When you are young, seven years seems like an eternity. But at 60, you now know that it will pass faster than the 2,555 days it is supposed to represent. But if you multiply 2,555 days by 4 hours that you sleep less than others who “need” 12 hours of sleep including laying on the couch to watch TV, you just gained 426 days to be effective and involved in your health and financial well-being.
That’s why it’s so important for you to take this advice seriously and put it to work immediately.

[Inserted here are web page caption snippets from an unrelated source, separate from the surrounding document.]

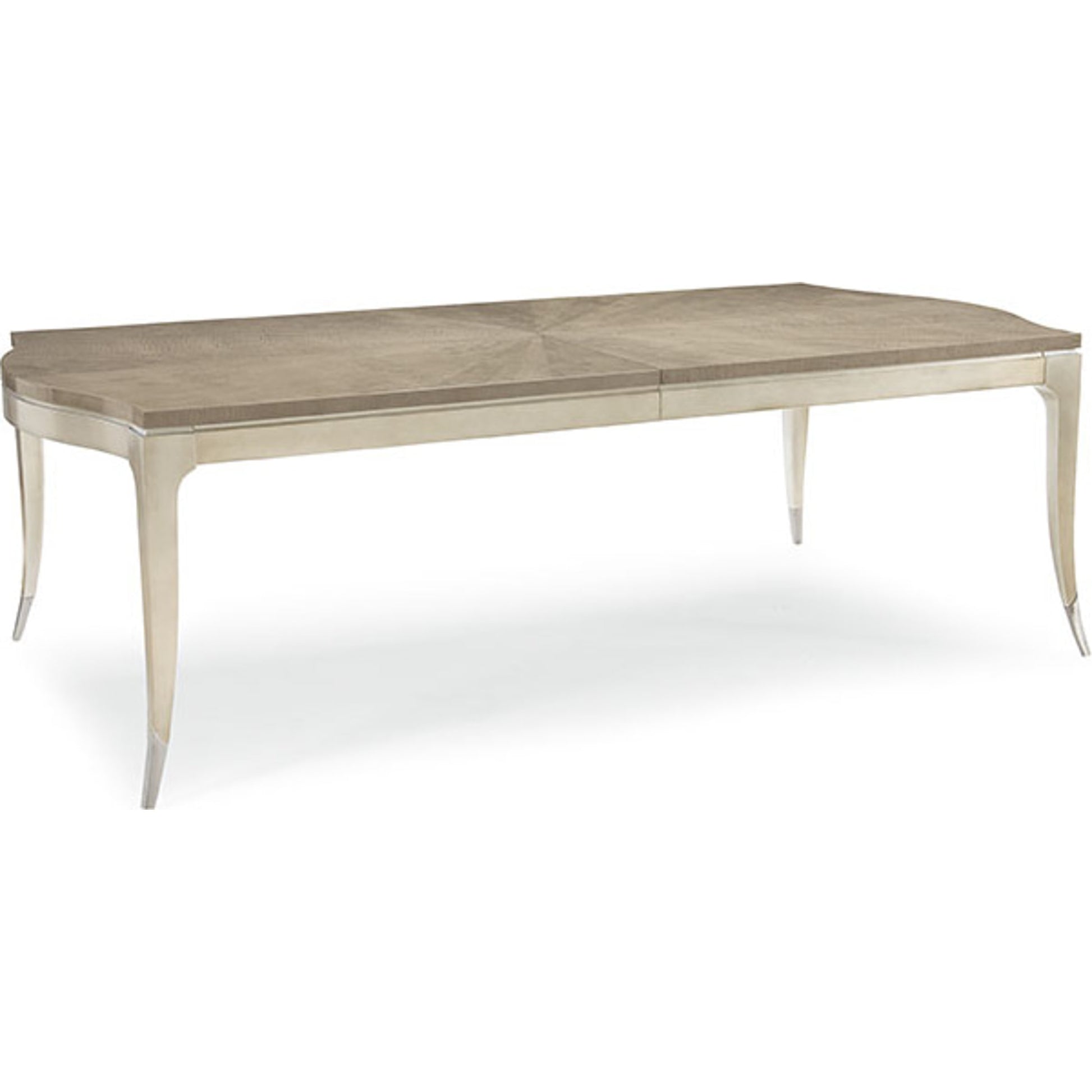 On a Silver Platter Dining Table by Caracole in maple, silver and moonlit sand, soft silver leaf. Made from pine, birch, silver curly maple in a transitional style.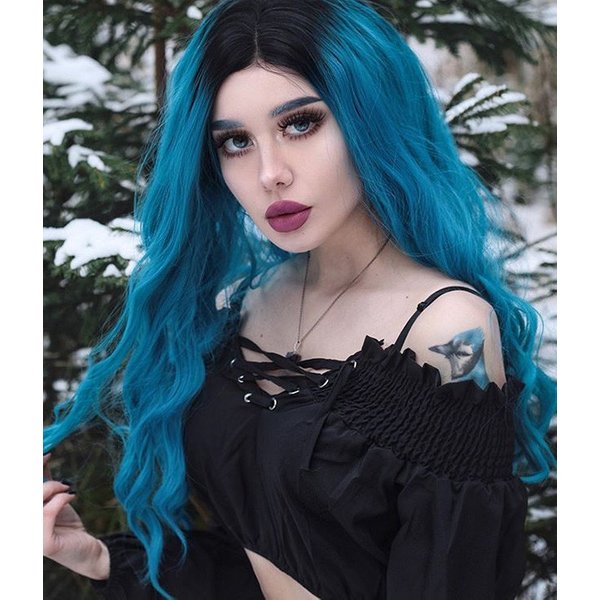 Calypso | Marge Simpson Blue Long Loose Wave Synthetic Lace Front Wig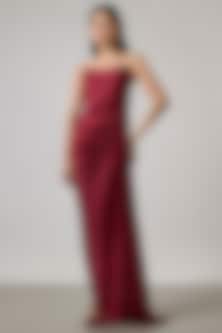 green emerald velvet dress Wine Color Engagement & Wedding Gown – SAKSHI main image 0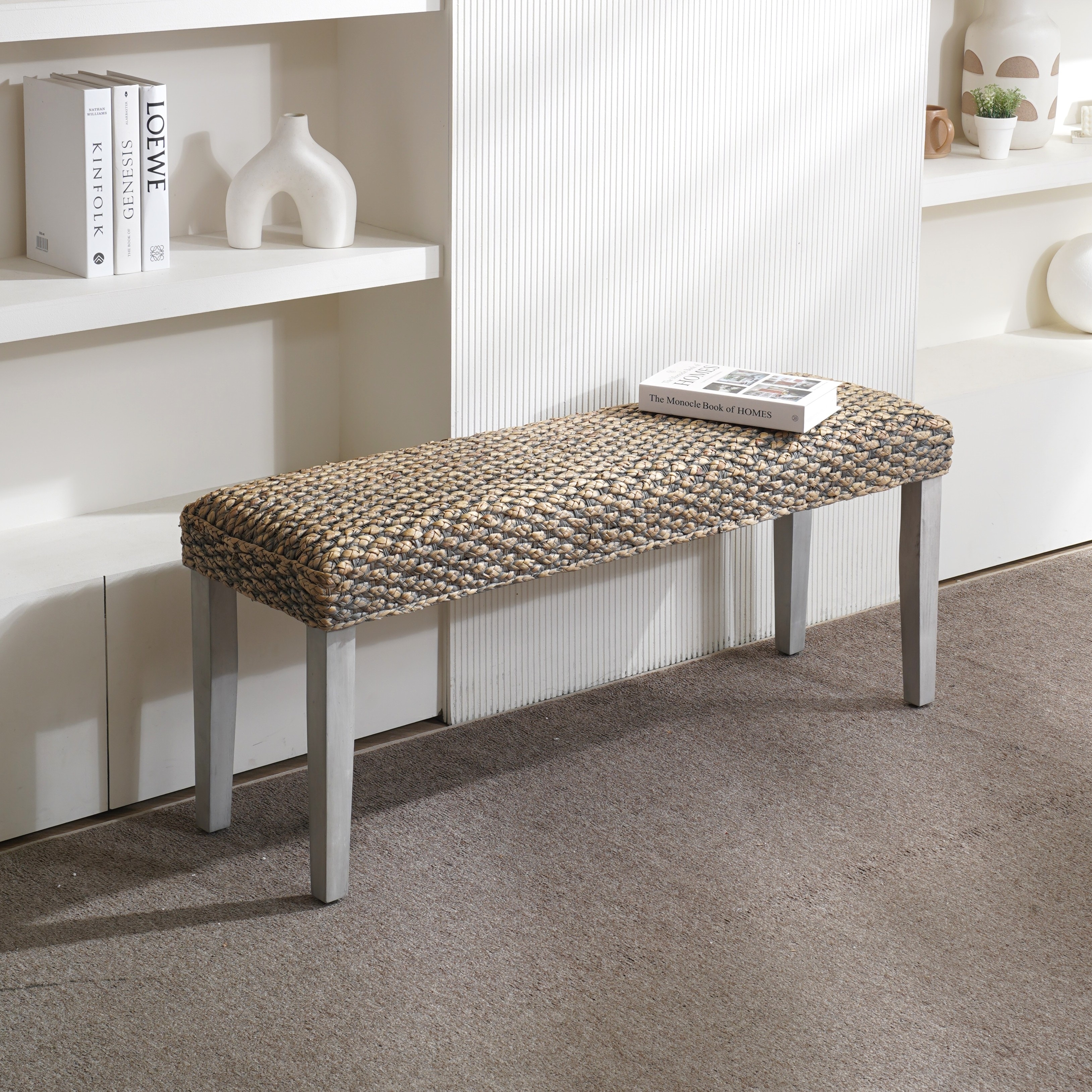 Made4Home Valencia Entryway Bench Water Hyacinth & Acacia Solid Wood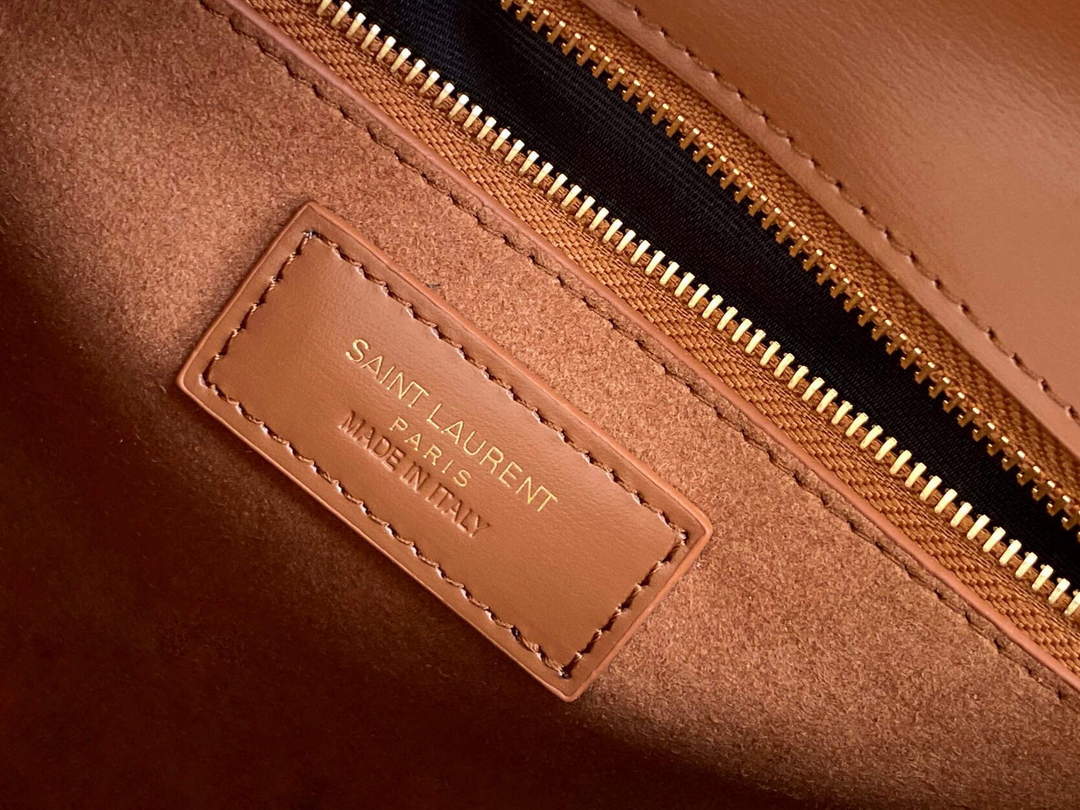 YSL 532750 Yves Saint Laurent Cassandra Monogram Clasp Bag In Micro Raffia And Box Leather Brown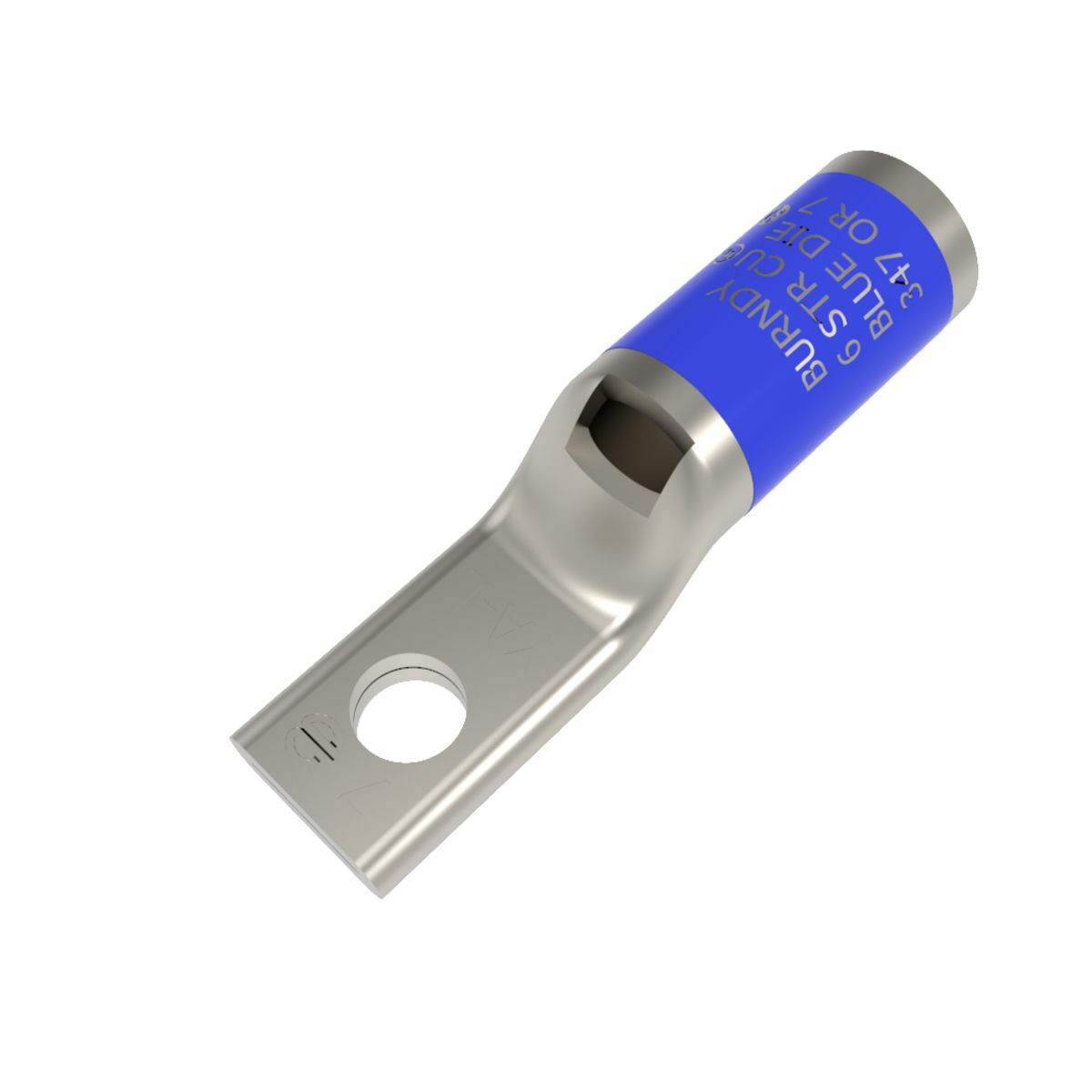 6 AWG CU, One Hole, #6 Standard Barrel, Inspection Window, Narrow Tongue Internal Chamfer, Tin Plated, UL/CSA, 90?C, Up to 35kV, BLUE Color Code, 7 or 374 Die Index.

No procrastination permitted.
If you wait even a week to get started, you will find it easy to push it off another week and then a month, and before you know it, those seven years will have passed, and you will be in the same bind you are in now.

The third thing you must do is take responsibility for your future finances and well-being. This is not something you can simply agree to. You must make a serious review of what you’ve done in the past. And you must make a serious personal commitment to change.

The acquisition of additional income

Once your body is healthy and your mind is right (including your commitment to persist in this plan), you are ready for the first life-improving change. And that is the acquisition of additional income.

My argument is that you can’t get wealthy by investing alone. You must observe and if necessary curtail your spending, manage your money and allocate your investments wisely. Remember that you are trying to maintain a lifestyle without running out of money, which means you must also create extra income for yourself and your spouse. Whether that entails a job, a service, or development of specific skills (writing, photography, translation service, baby sitting, handi-work, seamstress, book keeping, concierge services, handicap transportation, shopping trips etc. etc.)
Bringing in extra income is the single most important way you can get rid of debt and become wealthy within seven years. It is the surest way you can get out of the financial pickle you are in and enjoy a comfortable, worry-free retirement.

Being 60-plus years old is not a problem. It’s an opportunity. You are older now, and that means you should be wiser. You should be able to use that wisdom to make good choices.